TASK ITEM:
Output each entry verbatim and exclude every picture from it.

Stored data entries:
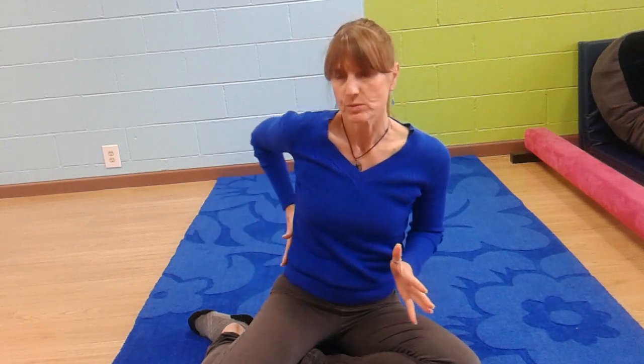Today I'm going to discuss the spinal gallant reflex — what it is, some of the issues related to it if it's still active, and then my son Jackson is going to demonstrate it. The spinal gallant reflex is one of those reflexes we're all born with. We don't have to learn it or think about it — it's just there, and it helps with our development.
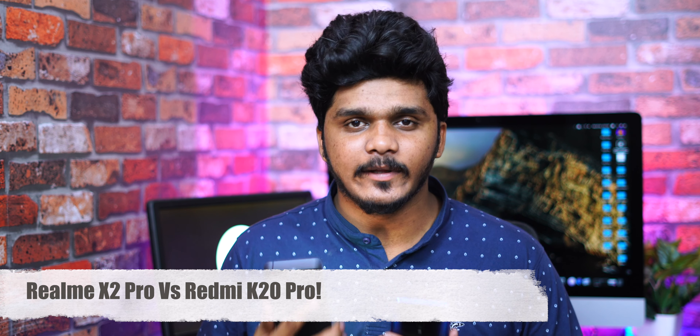Hello everyone, this is Televotech. Today we are going to look at two Supra phones — Realme X2 Pro and Redmi K20 Pro. We want to see in this video a full in-depth comparison between the two. So let's start.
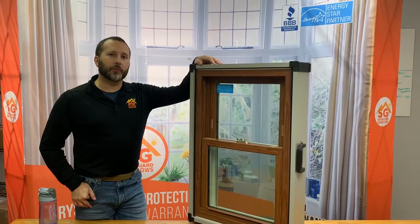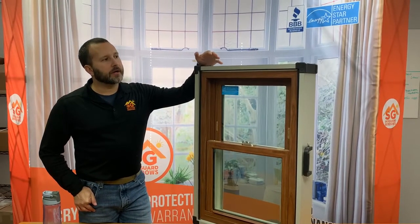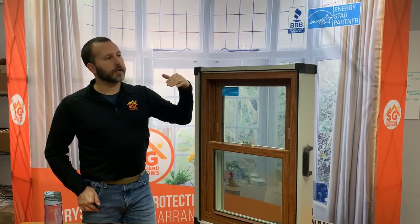James here with Skyguard Windows. Today we're going to be talking about some of the differences between a low-end window and a high-end window. We're going to start with the frame first.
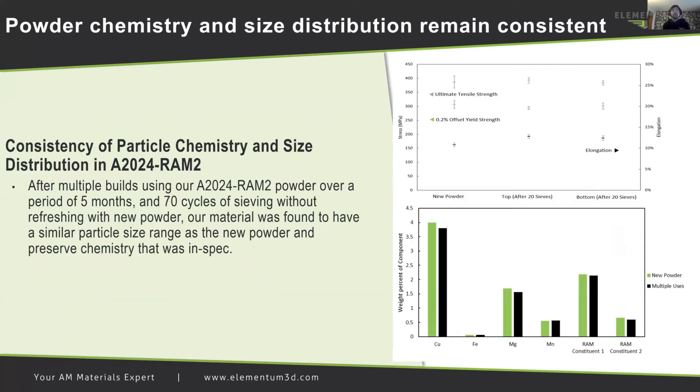First we can look at powder chemistry and size distribution, which remains consistent. With a development partner, we also ensured maintenance of particle size and chemistry after multiple builds in an SLM 280 printer outfitted with a powder supply unit. After multiple builds using our 2024 RAM2 powder over a period of five months and 70 cycles of sieving without refreshing with new powders, our material was found to have a similar particle size range as new powder and preserved chemistry that was in spec. This confirmed that our material not only achieves consistent strength values but also remains well mixed with the same particle characteristics as new powder.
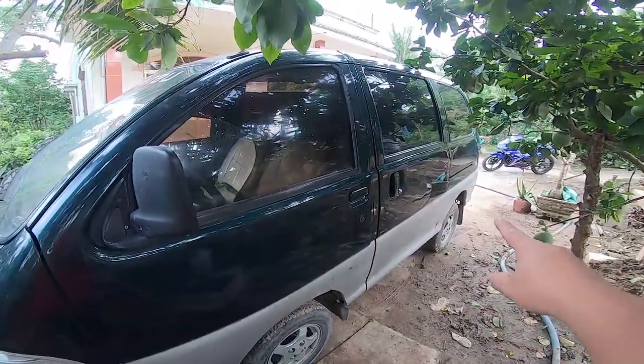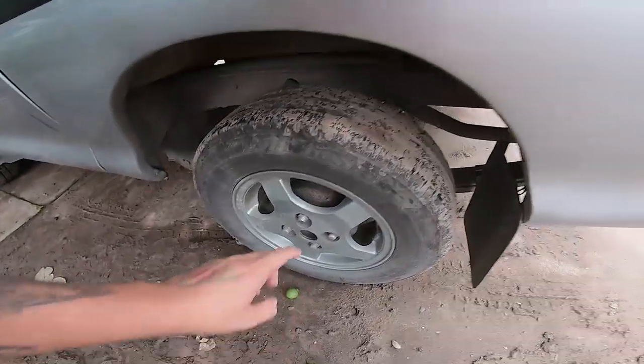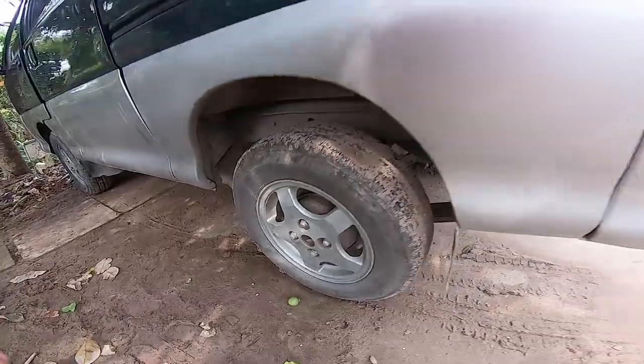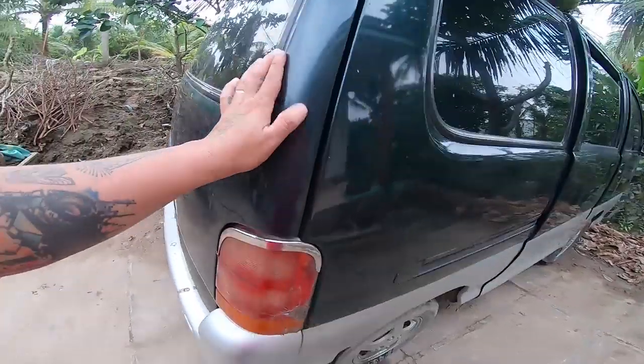Xe này thì có 2 cửa lùa 2 bên. Bánh mâm là bánh mâm đúc luôn nha. 4 bánh đều là bánh đúc hết. Cái này là cửa cốp sau.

TASK OUTPUT:
Today I'm going to discuss the spinal gallant reflex — what it is, some of the issues related to it if it's still active, and then my son Jackson is going to demonstrate it. The spinal gallant reflex is one of those reflexes we're all born with. We don't have to learn it or think about it — it's just there, and it helps with our development.
Hello everyone, this is Televotech. Today we are going to look at two Supra phones — Realme X2 Pro and Redmi K20 Pro. We want to see in this video a full in-depth comparison between the two. So let's start.
James here with Skyguard Windows. Today we're going to be talking about some of the differences between a low-end window and a high-end window. We're going to start with the frame first.
First we can look at powder chemistry and size distribution, which remains consistent. With a development partner, we also ensured maintenance of particle size and chemistry after multiple builds in an SLM 280 printer outfitted with a powder supply unit. After multiple builds using our 2024 RAM2 powder over a period of five months and 70 cycles of sieving without refreshing with new powders, our material was found to have a similar particle size range as new powder and preserved chemistry that was in spec. This confirmed that our material not only achieves consistent strength values but also remains well mixed with the same particle characteristics as new powder.
Xe này thì có 2 cửa lùa 2 bên. Bánh mâm là bánh mâm đúc luôn nha. 4 bánh đều là bánh đúc hết. Cái này là cửa cốp sau.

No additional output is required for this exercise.